It’s that particular feeling that holds me back from so much, and the essence of what I’ve been thinking about over the last week or so.
I am too much of a personal person - yeah that makes no sense, I’m aware of that… I think a lot. I think too much. Thinking about everything about twenty times before actually doing it. This often leads to not actually doing, or saying, whatever it is. Of course I do occasionally say, and do, some pretty stupid stuff; that’s certainly no good either. I also generally regret it later.
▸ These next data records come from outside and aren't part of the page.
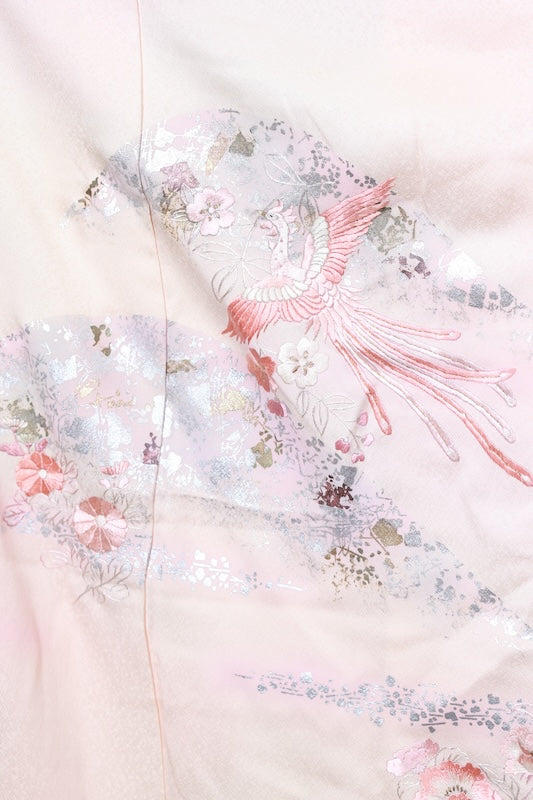 Japan used kimono, cherry blossom pink, gold leaf, silver leaf, purple, white, coral, phoenix,  hand-painted Kyo-Yuzen, artist's work, R204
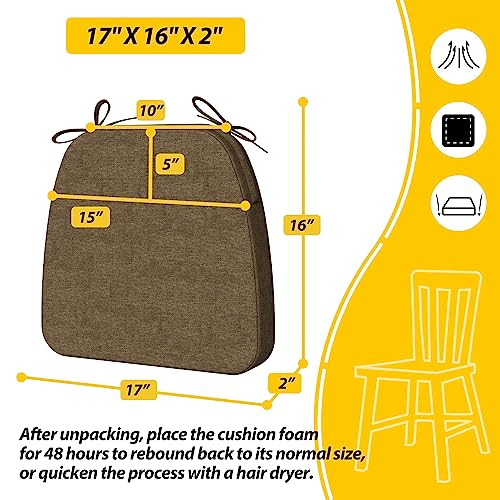 Image of AAAAAcessories D-Shaped Chair Cushions, 2 inch Thick Dining Chair Pads with Ties and Removable, Machine-Washable Cover, 17 inch x 16 inch, Set of 4, Taupe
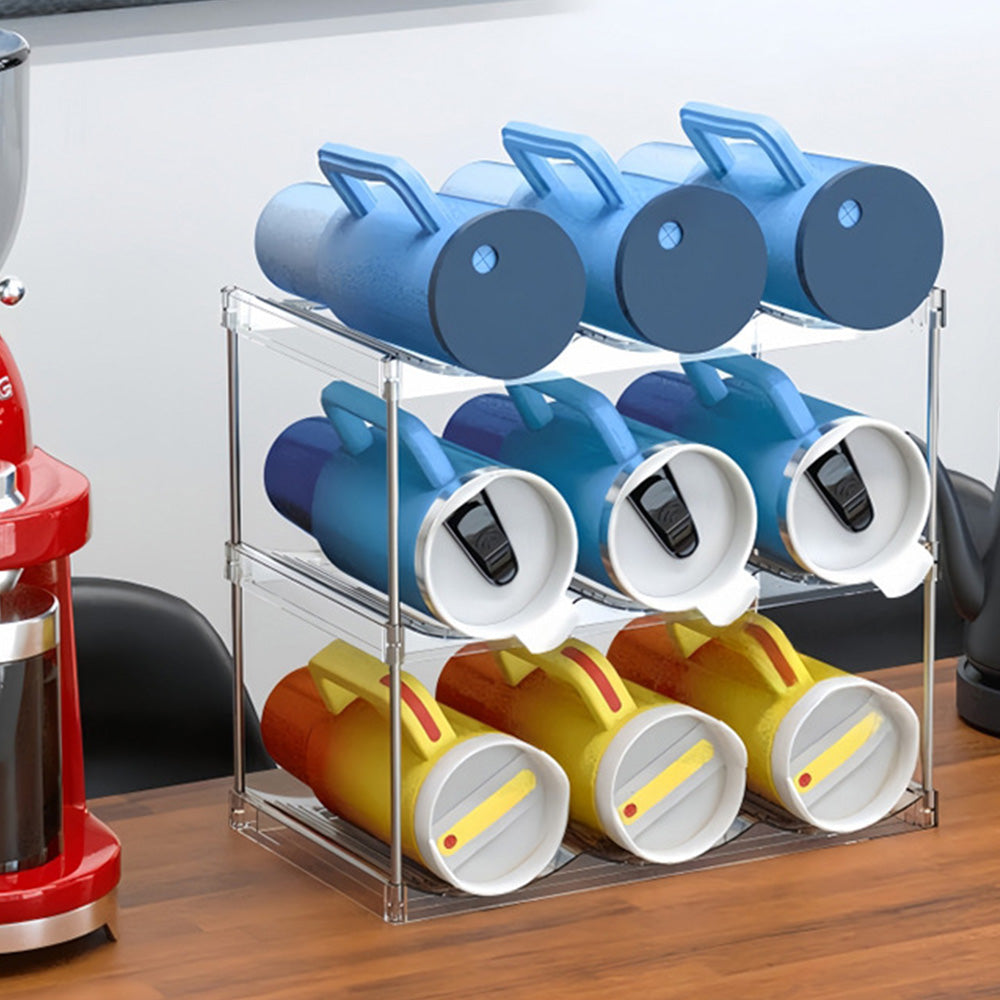 Stackable Clear Storage Rack for Wine Bottle Cup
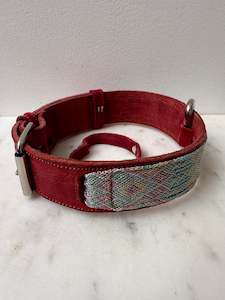 Huichol Leather Wide Dog Collar L4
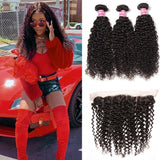 Klaiyi Brazilian Curly Hair 13x4 Lace Frontal With Bundles 3Pcs/Pack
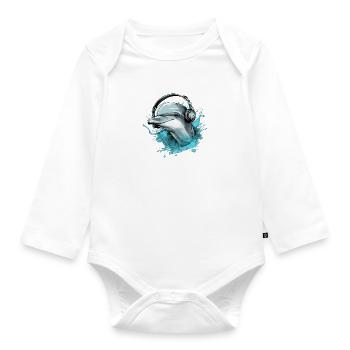 Riki the audiophile dolphin - Organic Longsleeve Baby Bodysuit - white - Front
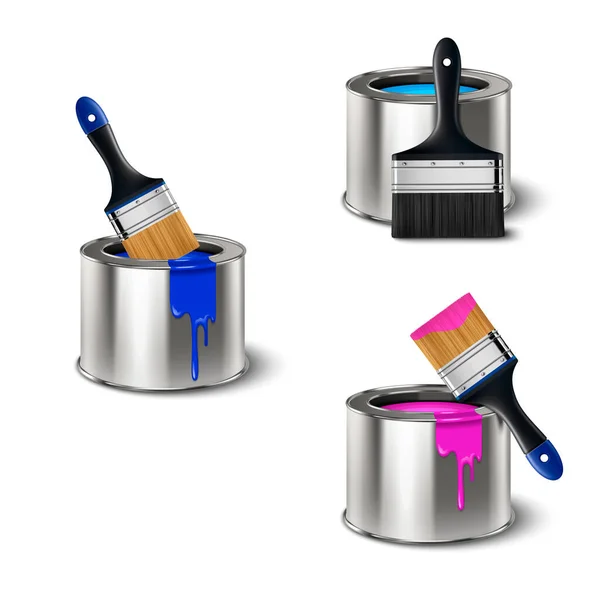 Realistic Set Painting Tools Metal Cans Paintbrushes Color Drops Paint — Stock Vector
Everyone does stupid things.
In the last 2 weeks there have just been too many times when this has happened (not the saying stupid stuff) and it’s certainly not something that normally happens as often.
Hopefully this isn’t just a total bunch of crap that will make absolutely no sense to anyone… Yet at the same time, I don’t want it to make to much sense (yes I’m trying to be as subtle as possible), it just feels good to get it out.
So I almost feel that the time may have passed. I may have lost out. All the opportunities to say a few words in the last couple of weeks. It only really occurred to me recently that I feel this way. If I can’t do it now, will I ever be able to do it?
It just takes confidence - some balls, and confidence. To know what comes next. Does anything ‘come next’? Will anything ever come next? Putting yourself out there and making a move its tough. But heck, today I wore one red shoe and one green shoe - I can do anything!